Investments in greenhouse gas mitigating technologies in North America surged during 2009-10, said a report commissioned by the American Petroleum Institute. The report showed the US-based oil and natural gas industry contributed nearly half of an estimated $225 billion total investment.

Industry invested $108 billion in GHG mitigating technologies, including the development of shale gas, and $71 billion without shale gas investments. Other US-based private industries invested $74 billion and the US government invested $43 billion during 2009-10, the report said.

Kyle Isakower, API vice-president of regulatory and economic policy, told reporters during an Oct. 20 conference call, that API commissioned the report to inform the public about industry’s commitment to GHG mitigating technologies.

The report estimated industry’s GHG mitigating investments, which included shale gas, efficiency improvements including combined heat and power, and advanced technology for vehicles. Oil and gas companies reduced natural gas flaring and fugitive emissions to curb methane releases while adding to gas supplies through gas production from shale plays, Isakower said.

For the latest report, API included industry’s investments in shale gas development because the use of gas can displace the use of coal, which helps reduce GHG emissions, Isakower said. The report noted the potential for GHG mitigation was determined by the amount of gas-on-gas substitution vs gas-on-coal.

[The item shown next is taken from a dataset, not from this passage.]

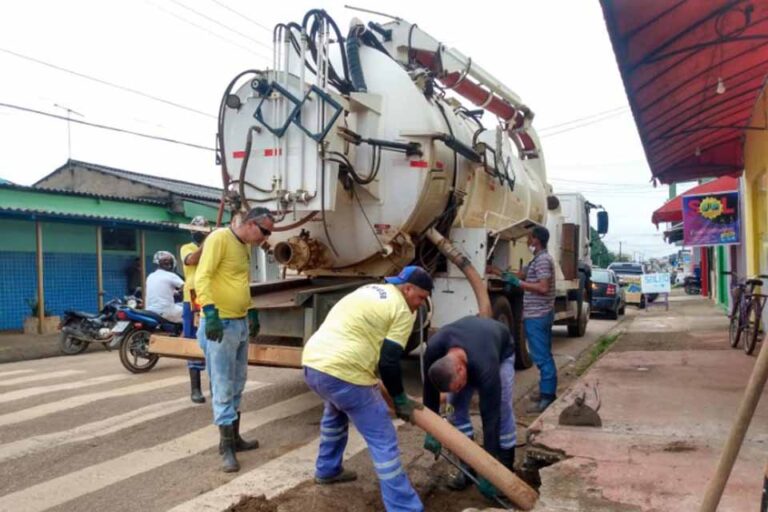 Hidrojato é utilizado pela Prefeitura para desobstruir drenagem durante período de chuvas em Porto Velho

The federal government invested in energy efficient lighting, wind, solar, biofuels, and basic research with some of that investment during 2009-10 stemming from the American Recovery and Reinvestment Act of 2009.

Major investments by other private industries included advanced technology vehicles, efficiency improvements in electric generation, biofuels, wind, and solar.

Thomas Tanton, president of T2 and Associates, prepared the report for API, entitled “Key Investments in Greenhouse Gas Mitigation Technologies from 2000 Through 2010 by Energy Firms, Other Industry, and the Federal Government.”

Tanton wrote the report after his company compiled information from more than 565 publicly available documents or web sites, including corporate annual reports, federal budget documents, and other public sources.

Oil and gas investments

Of its GHG mitigation investments, the oil and gas industry spent $60.5 billion on fuel substitution efforts. Shale gas investments accounted for $37 billion of the $60.5 billion, the report said.

Compared with industry’s investment patterns from 2000-10, the fuel substitution investments jumped during 2990-10, the report said. Isakower attributed this surge to investments for shale gas development along with shale play research and development investments.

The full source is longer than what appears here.